Backpropagation made easy. Backpropagation is so basic in machine learning yet seems so daunting. But actually, it is easier than it seems.

It doesn't take a math genius to learn Machine Learning (ML). Basically, all you need is college first-year level calculus, linear algebra, and probability theory, and you are good to go. But behind the seemingly-benign first impression of ML, there are a lot of mathematical theories related to ML. For many people, the first real obstacle in learning ML is back-propagation (BP). It is the method we use to deduce the gradient of parameters in a neural network (NN). It is a necessary step in the Gradient Descent algorithm to train a model.

BP is a very basic step in any NN training. It involves chain rule and matrix multiplication. However, the way BP is introduced in many ML courses or tutorials is not satisfactory. When I was first learning BP in Coursera’s Machine Learning class, I was so confused about its calculation process I paused for several months. Meanwhile, I searched for more explanation of BP. I managed to pass the course. I finished the coding assignment. But BP still remains a very messy and confusing blur in my brain.
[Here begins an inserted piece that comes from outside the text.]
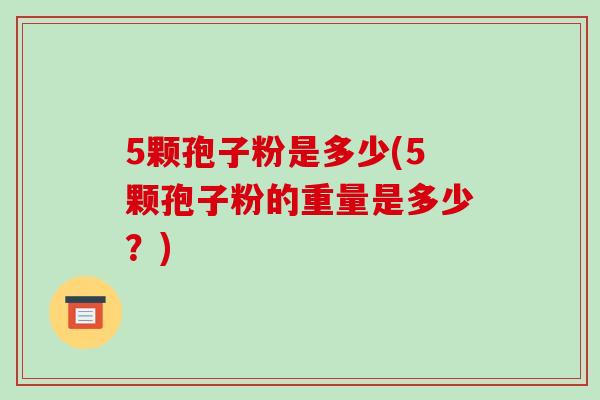 5颗孢子粉是多少(5颗孢子粉的重量是多少?)-第1张图片-破壁灵芝孢子粉研究指南 5颗孢子粉是多少(5颗孢子粉的重量是多少?)-第1张图片-破壁灵芝孢子粉研究指南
It doesn’t really hurt if you don’t understand BP at all and simply regard it as a black-box, because Tensorflow or Pytorch can automatically perform BP for you. But recently I was reviewing my notes on ML, and I start to properly understand BP. My method is to set up a simple NN and write down every parameter and variable matrix/vector explicitly and write down the gradient calculation through chain rule for each parameter matrix/vector step by step. At the end of the day, BP turns out to be so much easier than I originally thought.